Even now, as ‘contingency’ planning has been announced for the ‘no-deal Brexit’, the Political piggies, feasting at their Westminster trough are still enslaved to the idea that there can be no way forward without there being an agreed plan. And they advocate this, even though it has now been clear for a significant period of time that this same self-interest dictates that one will not be found which a majority will agree upon.

Until this past 7 days, there appeared to still be a group in Parliament that was ready and able to break this mould. But now even those who have until now been the advocates of a clean, proper, no-deal or WTO Brexit, have demonstrated that even they believe it is not possible to take the UK forward into new and unchartered territory without having some kind of plan.

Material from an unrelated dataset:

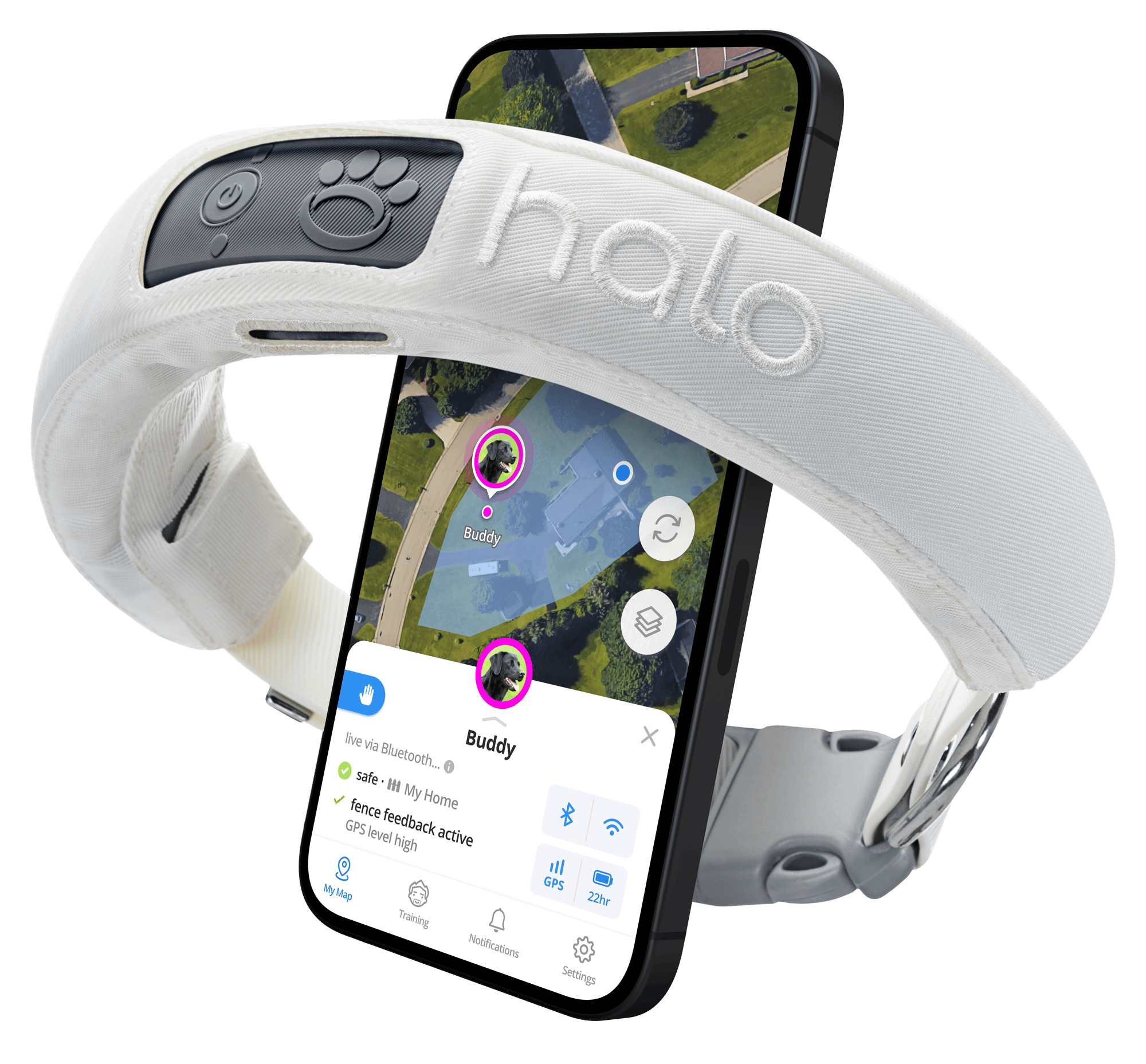 Halo Collar 3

Whilst fear drives everything in this world in some form or to a certain degree, we have the right to expect that the Politicians we have elected possess the leadership skills and wherewithal to look their own fears in the eye and step forward, knowing that they are representatives of the people, and that the challenges they must face are on behalf of others and therefore a much bigger cause.

Yet they don’t. And now racked with fear or the obsession of keeping what they believe to be control, even the Brexiteer contingent of the Conservative Party is obsessed with clinging to this out of control wreckage, from which the UK must now positively step away from, before it can find its footing and again touch down.

Call it a leap of faith or whatever you might like.

Opportunity by its vary nature is unpredictable.

Even when you can plan, those plans will only ever take you so far.

And when you have many decision makers in the mix who all advocate a different direction which without fail they will insist is the best, it is time to forget planning and deal with each and every thing as it comes along.

Yes, there are many who say ‘you have to have a plan when you are in government’. This is a myth and one that is as self-prophesying as it is destructive and as it is misleading.

It is a myth based on fear and the idea that there is safety in avoiding change.

Governments have, do and will succeed well by embracing uncertainty and making it work as they go.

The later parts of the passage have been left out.